(Raw data begins)

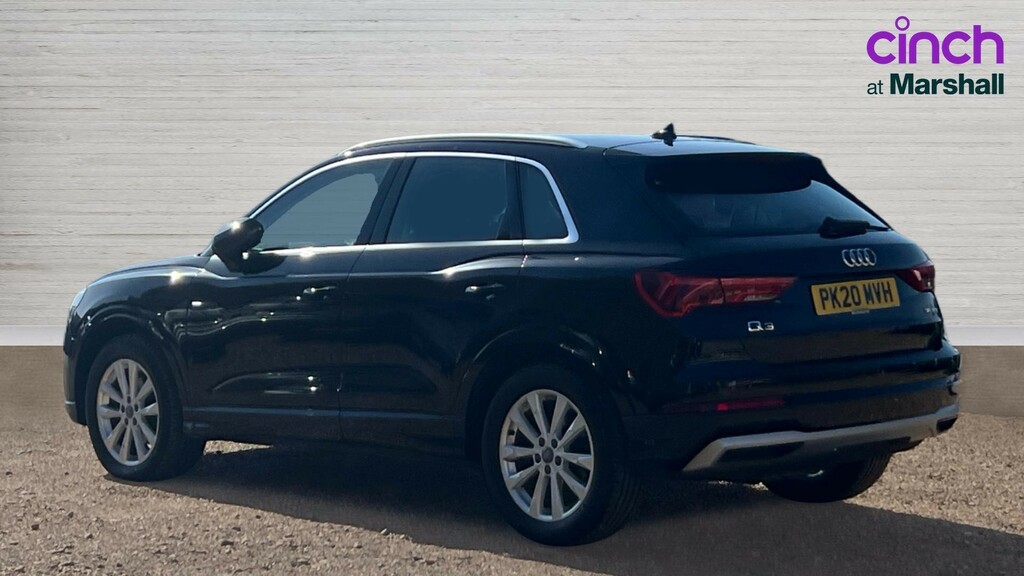 Audi Q3 Q3 35 Tdi Sport S Tronic PK20MVH Black #5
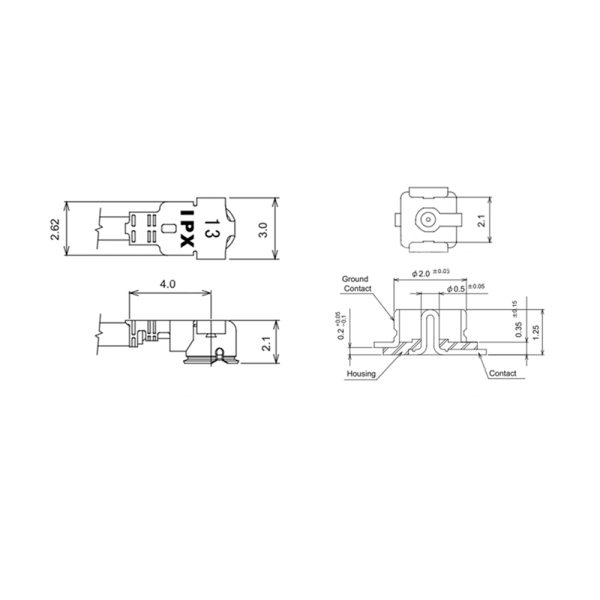 433MHz FPC Antenna Type 1 - Image 4
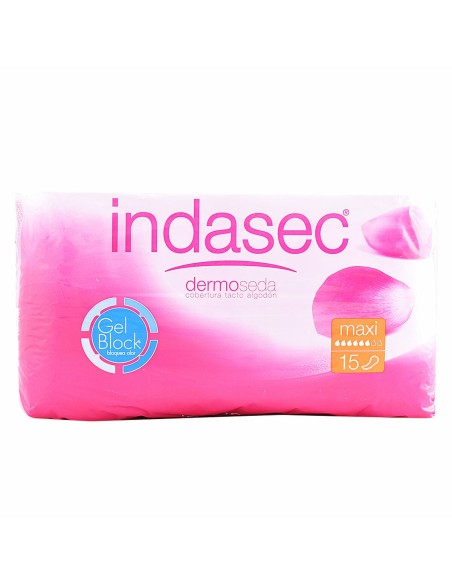 Incontinence Sanitary Pad Discreet Maxi Indasec (Parapharmacy)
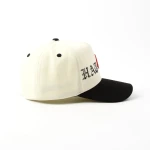 5-Panel Baseball Cap with 3D Embroidery - View 20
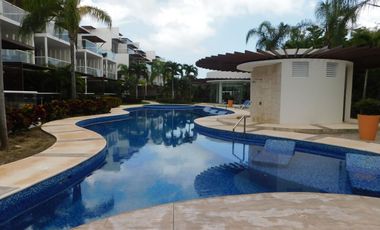 Departamento en Venta en Tulum Country Club. Bahía Príncipe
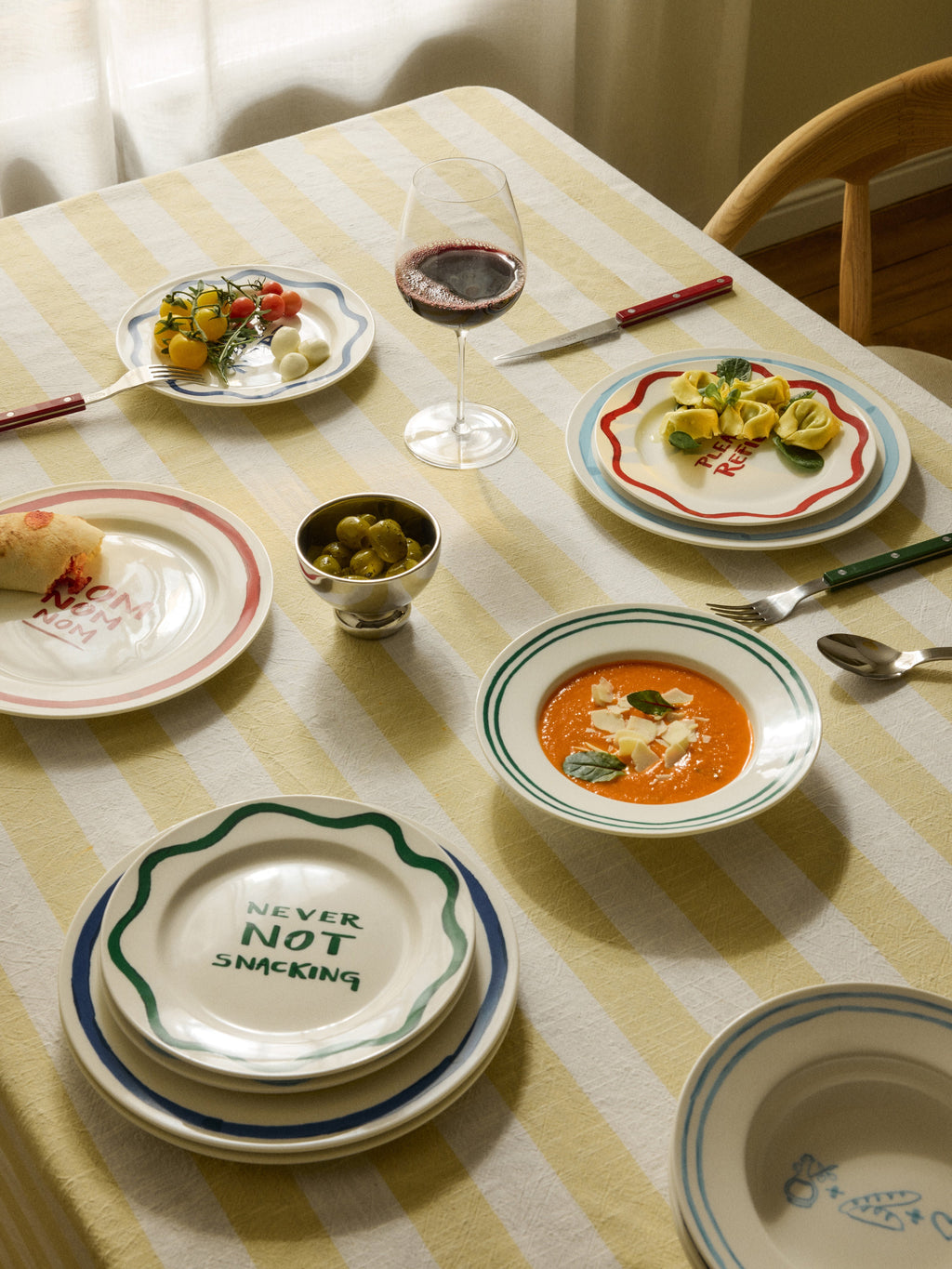 Westwing Collection Tutti Porcelain Tableware Set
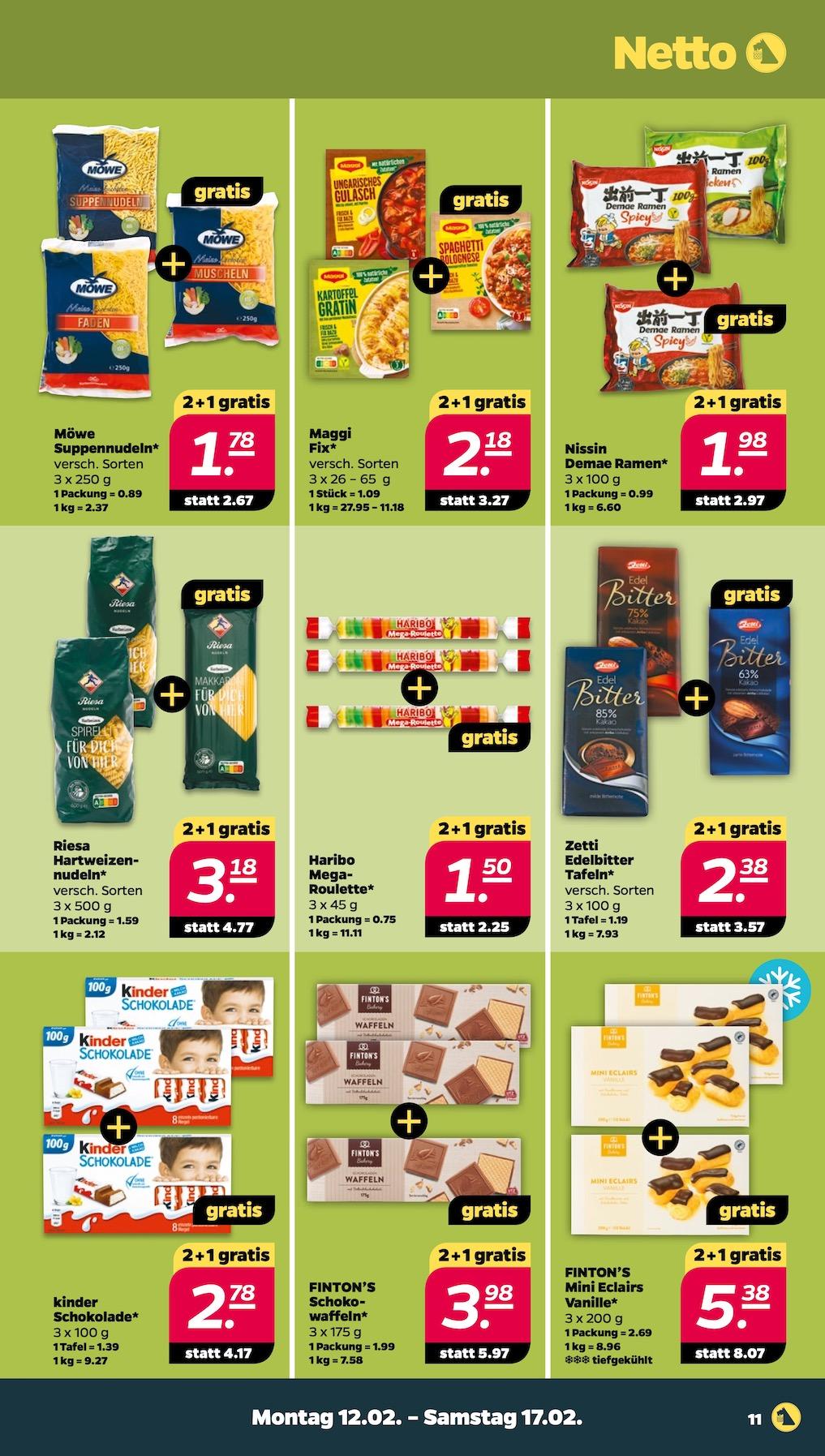 Netto Aktueller Prospekt ab Montag Seite 11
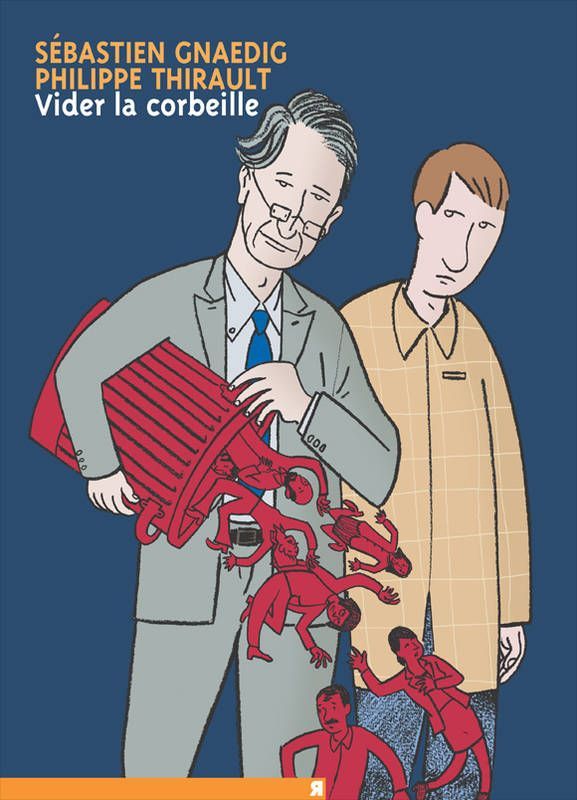 Boek Vider la corbeille Sébastien Gnaedig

(Raw data ends)

• Task
The expected answer is an exact copy of the lines from the one containing "5-Panel Baseball Cap" through the last line of the entries above, both included, without pictures.

• Your response
 5-Panel Baseball Cap with 3D Embroidery - View 20
 Departamento en Venta en Tulum Country Club. Bahía Príncipe
 Westwing Collection Tutti Porcelain Tableware Set
 Netto Aktueller Prospekt ab Montag Seite 11
 Boek Vider la corbeille Sébastien Gnaedig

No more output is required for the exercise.